La monarchie de droit divin, il y a déjà longtemps qu’elle n’existe plus que dans les livres d’histoire. De nos jours, en démocratie du moins (en démocratie seulement !) les têtes couronnées et leur famille ne sont plus libres de leurs actes politiques, de leurs finances ou même de leur vie amoureuse. Et même un brillant palmarès ne suffit guère parfois pour racheter les séniles faiblesses ou dérives des souverains parvenus en fin de carrière.

Une fois disparu son despotique tuteur le général Franco, Juan Carlos a fermement placé l’Espagne sur les rails de la démocratie et a chassé des esprits de ses concitoyens les vieux démons laissés par la guerre civile. Mais 38 ans de règne, cela use énormément. De manière plus irrévocable encore que les ravages des ans, les safaris de milliardaire ou les escapades sentimentales, les malversations commises par une fille et un gendre indélicats auront rendu inévitable l’abdication. Exit Juan Carlos, viva Felipe et c’est avec une sincère affection que l’on souhaite buena suerte à ce pays ami qu’est l’Espagne.

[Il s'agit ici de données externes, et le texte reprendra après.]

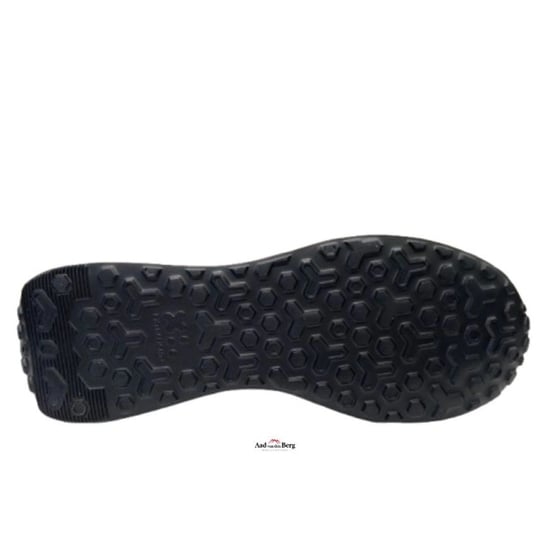 Magnanni Herenschoenen sneakers - Image 2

Dans notre région non encore touchée par la grâce démocratique, les rois, émirs et autres cheikhs n’ont évidemment pas à s’encombrer de tels soucis, du moment qu’ils tiennent pour propriété tribale leurs déserts gorgés de pétrole. Mais du moins ces potentats ont-ils la pudeur de ne pas se réclamer d’un quelconque droit divin, même si la maison des Saoud tire gloire de son statut de gardienne des Lieux saints musulmans. En revanche, la théocratie iranienne ne craint pas de se poser, elle, en instrument de la volonté d’Allah en terre d’Orient. Il y a encore mieux cependant, et c’est le prolongement libanais de cet instrument de Dieu : un Hezbollah qui s’est carrément promu parti du Créateur ; qui se décerne sans discussions des victoires divines, qui distribue souverainement bons et mauvais points, qui en vient presque à qualifier d’irréfléchi, sinon à tenir pour acte de trahison, le récent voyage pastoral du patriarche maronite en Terre sainte…

Mais revenons aux royaumes terrestres, et plus particulièrement ceux qui se parent de l’étiquette républicaine. Sous nos latitudes, le pouvoir absolu est la triste règle et nombre de présidents ne résistent pas à la tentation dynastique. C’est ainsi l’un de ses fils, outrageusement enrichi, que le raïs déchu d’Égypte Hosni Moubarak destinait à sa succession. Et c’est un de ses fils qui a bel et bien succédé au Syrien Hafez el-Assad, même s’il a bien mal géré le legs paternel. C’est celui-là même pourtant qui remportait triomphalement hier une parodie d’élection organisée, au son du canon, dans la moitié à peine d’un pays réduit, par ses soins, à l’état de ruines.

La sinistre farce n’en est que plus surréelle quand on y accole le spectacle d’une démocratie libanaise tombée lamentablement en panne. Au lendemain d’une présidentielle avortée, il faut encore attendre de voir si seront observées de tous les règles de fonctionnement de l’exécutif, approuvées hier par le Conseil des ministres. Mais la fronde des syndicats, les examens officiels compromis, la crise des réfugiés syriens qui gagne en ampleur, tout cela pourra-t-il attendre ?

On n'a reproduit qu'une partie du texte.